La parrocchia del Beato Bonaventura in Potenza è l’unica parrocchia al mondo intestata al nostro Santo concittadino

A 372 anni dalla nascita di CARLO ANTONIO GERARDO LAVANGA il 4 gennaio 2023 in Potenza cerimonia accensione lampada votiva 

IL BEATO BONAVENTURA DA POTENZA
“MARTIRE DELL’OBBEDIENZA”
Parrocchia del Beato Bonaventura da Potenza, sita in rione Malvaccaro

il giorno 4 gennaio alle ore 11:30 nella Parrocchia del Beato Bonaventura da Potenza, sita in rione Malvaccaro, ci sarà la

cerimonia dell’accensione della lampada votiva perenne in onore del beato in quanto ricorre la data della sua nascita
Parrocchia del Beato Bonaventura da Potenza, sita in rione Malvaccaro

Per l’occorrenza saranno presenti oltre ai due sindaci di Potenza e di Ravello anche il vicepresidente del consiglio regionale Mario Polese oltre al ministro provinciale padre Cosimo Antonino ed il vescovo di Potenza S.E. Monsignor Salvatore Ligorio la cerimonia di accensione della lampada si svolgerà durante la celebrazione della messa che si terrà dalle ore 11:30

Paolo Vuilleumier Sindaco di Ravello

È doveroso segnalare che i pellegrini arriveranno da Ravello già intorno alle ore 10:15 al massimo 10:30 faranno un breve break nei saloni parrocchiali e poi si recheranno nella chiesa per assistere alla funzione

Dopodichè andranno via con il pullman con il quale sono partiti, naturalmente dopo aver pranzato in Potenza al ristorante Redibis già prenotato per loro, dagli organizzatori 

Bonaventura da Potenza, al secolo Carlo Antonio Gerardo Lavanga, è stato un presbitero italiano dell’Ordine dei frati minori conventuali.

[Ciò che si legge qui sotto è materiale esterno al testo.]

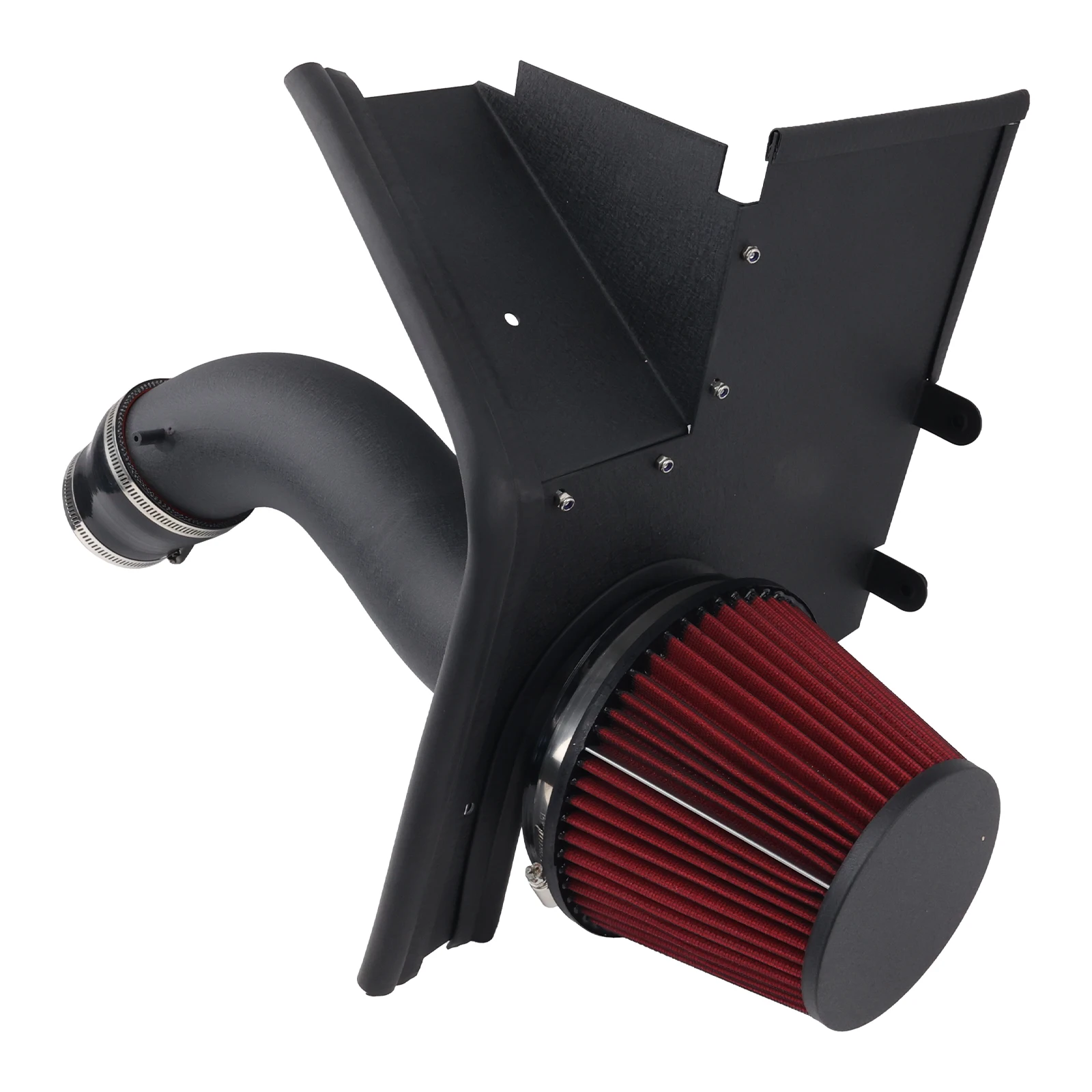 Фото Комплект для впуска холодного воздуха High Flow Cold Air Intake для Audi S4 S5 Coupe Cabriolet, труба 3,5 дюйма, для двигателей B8 B8.5 3.0T / 3.2L V6 №4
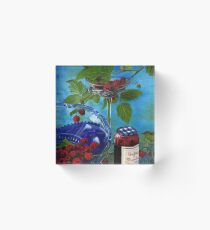 Still-life with raspberries Acrylic Block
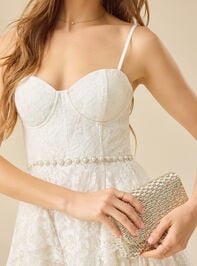 Mona Formal Mini Dress Detail 5 - TULLABEE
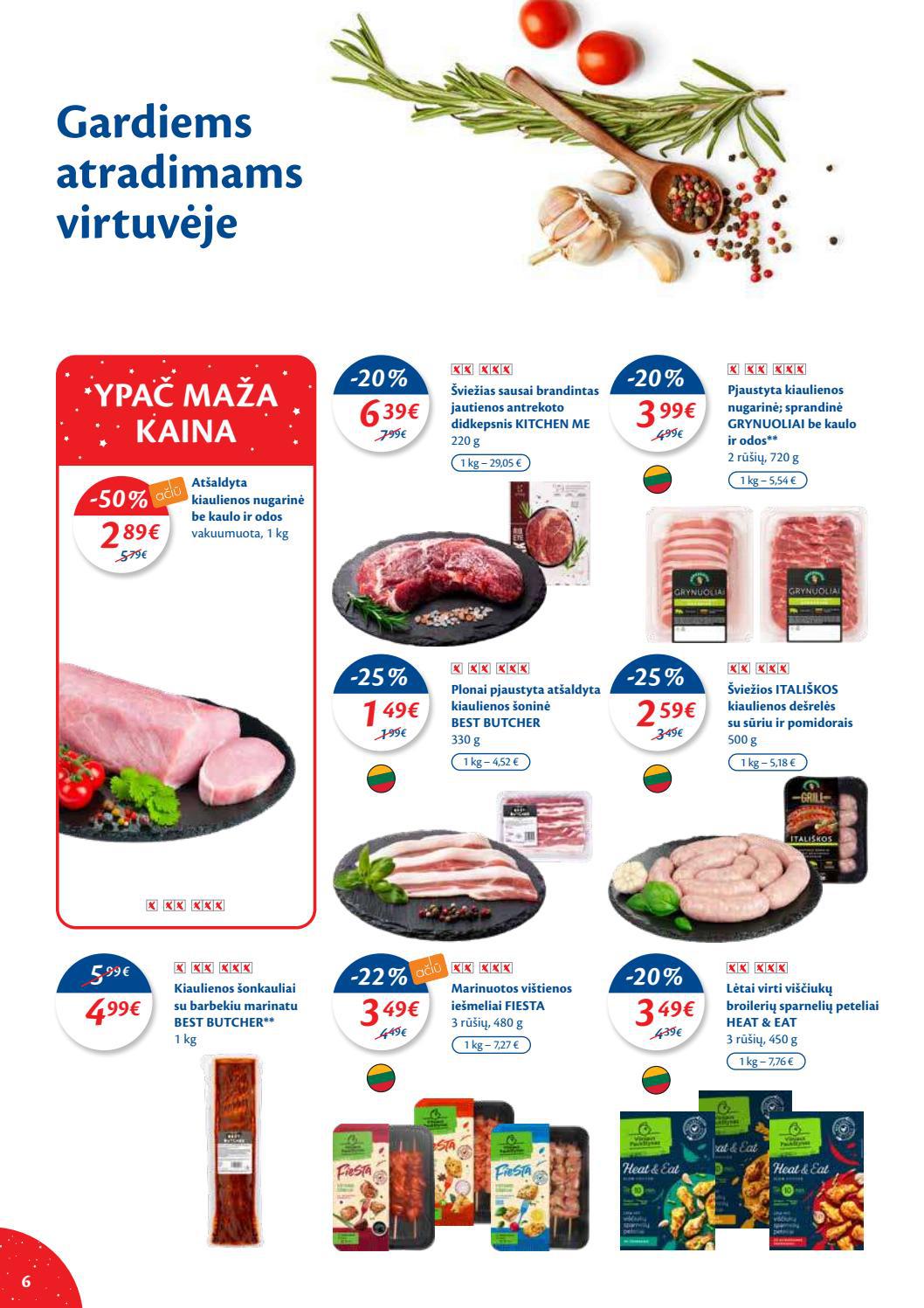 Maxima kaininis leidinys akcijos nuo 
  2021-12-28 iki 
  2022-01-03 | Leidinukas.lt puslapis 6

È stato beatificato da papa Pio VI nel 1775.

Data di nascita: 4 gennaio 1651

Morte: 26 ottobre 1711, Ravello

Venerato da: Chiesa Cattolica

Padre Bonaventura da Potenza nacque il 4 gennaio 1651; gli fu dato, al fonte battesimale, il nome di Antonio Carlo Gerardo. Entrò all’età di 15 anni tra i Frati Minori Conventuali. Passò per vari conventi: Aversa, Maddaloni, Lapio, Amalfi, Ischia, Nocera Inferiore (qui fu maestro dei novizi), Sorrento, Napoli e infine Ravello, dove morì il 26 ottobre 1711, per le conseguenze di una cancrena a una gamba. Fu un esempio di umiltà e, pur non essendo dotto, colpiva anche per la profondità teologica della sua predicazione. A lui sono attribuiti numerosi prodigi: vide l’anima della sorella salire in cielo, guarì un lebbroso, si elevava da terra mentre pregava. La sua carità verso gli appestati fu estrema, come la sua ubbidienza verso i superiori. È stato beatificato da papa Pio VI il 26 novembre 1775. La sua memoria liturgica, per l’Ordine dei Frati Minori Conventuali e la diocesi di Amalfi-Cava dei Tirreni, sotto cui cade Ravello dal 1818, ricorre il 26 ottobre, giorno della sua nascita al Cielo. I suoi resti mortali sono venerati nella chiesa di San Francesco a Ravello, esposti in un’urna sotto l’altare maggiore.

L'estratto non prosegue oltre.